It was a fabulous speech by the world's leading spiritual and thought-leader, who has just produced our century's most important public document, Laudato Si', the papal encyclical on the environment.
Pope Francis addressed not just the dignitaries in the Senate chambers, but all of us -- parents struggling to support families, social activists, the elderly and the young.
The pope emphasized communitarian values: dialog, the common good, solidarity, cooperation, sharing, and the Golden Rule.
He held up for emulation four counter-cultural heroes he understood as embodying the most admirable of "American" values. They weren't Rockefeller, Reagan, Jobs, or even FDR. Instead they were:
- Abraham Lincoln: the champion of liberty for the oppressed
- Martin Luther King: the advocate of pluralism and non-exclusion
- Dorothy Day: the apostle of social justice and the rights of the poor
- Thomas Merton: the Cistercian monk who embodied openness to God and the capacity for inter-faith dialog.
Of course, Lincoln and King were victims of assassination for championing the rights of African Americans.
Day and Merton vigorously resisted what Dorothy Day called "this filthy, rotten system." (As is well-known, she was also an unwed mother whose first pregnancy ended in abortion.)
Following the examples of The Four, the pope called for the end of:
- Fundamentalisms of every kind -- including economic fundamentalisms
- Political polarizations that prevent opposing parties from dialog and cooperation
- Exclusion of immigrants by a nation of immigrant descendants
- Capital punishment and its replacement by programs of rehabilitation
- The global arms trade and arms sales in general along with the wars and violence they stimulate
- Violent conflict and its replacement by difficult but essentially diplomatic process of dialog
- The human roots of climate chaos and the related problems of poverty
- Unlimited and directionless development of technology
Throughout this gentle but radical speech, the audience seemed to be waiting for the other shoe to drop -- i.e. for the pope to mollify his conservative critics by addressing their favorite "religious issues" contraception, abortion, gay marriage. But the shoe never hit the floor.

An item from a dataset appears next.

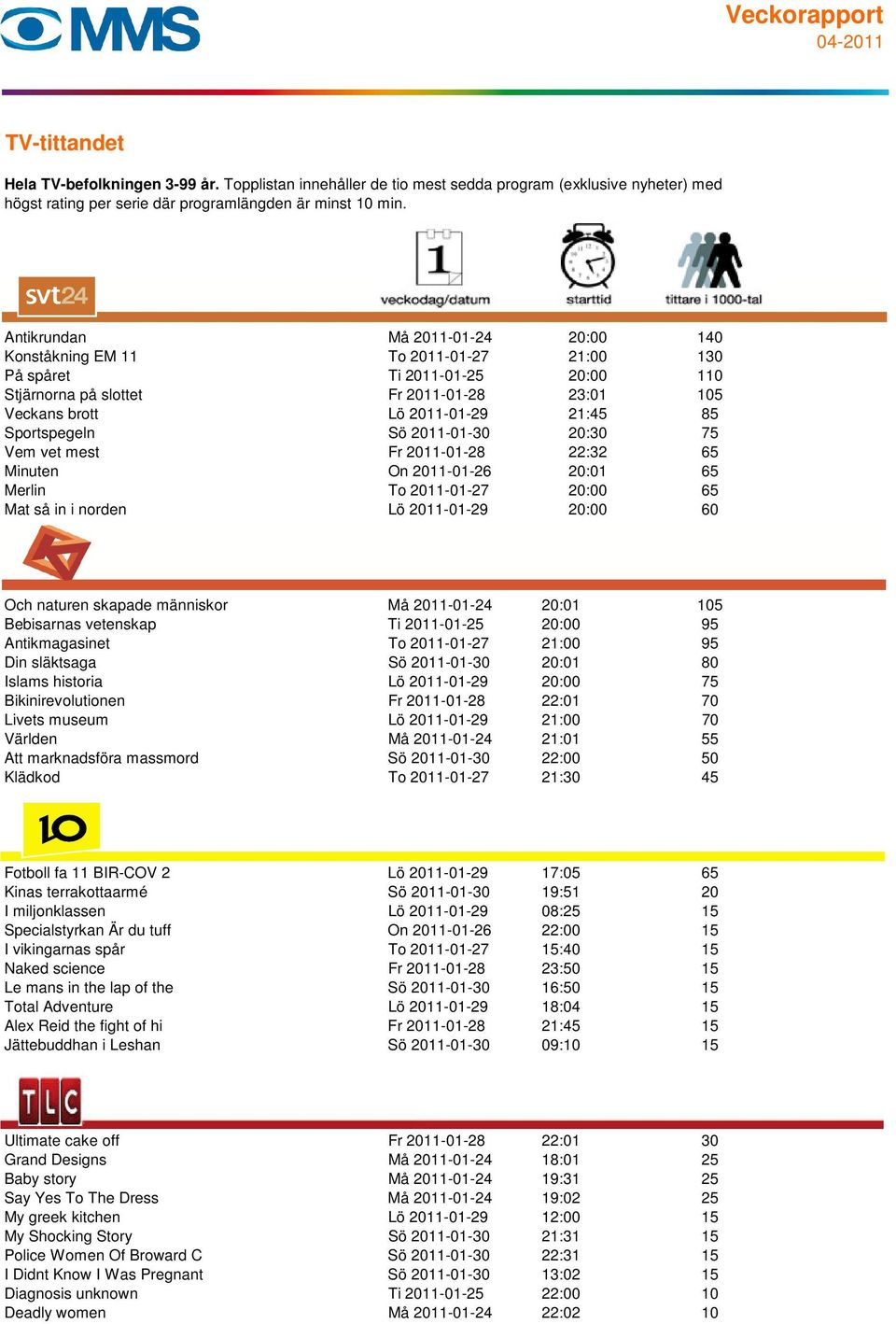 människor Må 2011-01-24 20:01 105 Bebisarnas vetenskap Ti 2011-01-25 20:00 95 Antikmagasinet To 2011-01-27 21:00 95 Din släktsaga Sö 2011-01-30 20:01 80 Islams historia Lö 2011-01-29 20:00 75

At two points the pope about to untie his footwear. In mid-speech, he stated that we must protect and defend human life at every stage of its development. This lured his audience into a standing ovation.
However, the illustration of his point was not abortion, but capital punishment. Punishment for crime, Francis said, must never exclude hope and rehabilitation. We must end the death penalty, he asserted, since every life is sacred.
Then towards the end of his address, Francis spoke of his anticipated presence at this weekend's Philadelphia Conference on the family. Families, he said, are threatened as never before, both from within and without.
But then, instead of addressing gay marriage, the pope spoke of the "most vulnerable" in this context -- not the unborn, but "the young" threatened by violence, abuse and despair. Many of them hesitate to even start families, he lamented -- some because of their own lack of possibilities. Others demur because they have too many possibilities. "Their problems are our problems," the pope said. We must address them and solve their underlying causes.
It was a masterful speech. It continually lured conservatives into standing ovations for issues they constantly oppose: the end of the capital punishment, protection of the environment, openness to immigrants, the end of arms sales of all kinds. The address summoned legislators to their real responsibility -- pursuing the common good, the chief aim, the pope said, of all politics.
The pope's basic message was be daring and courageous -- like the counter-cultural activists, Lincoln, King, Day, Merton, and (I would add) Pope Francis!"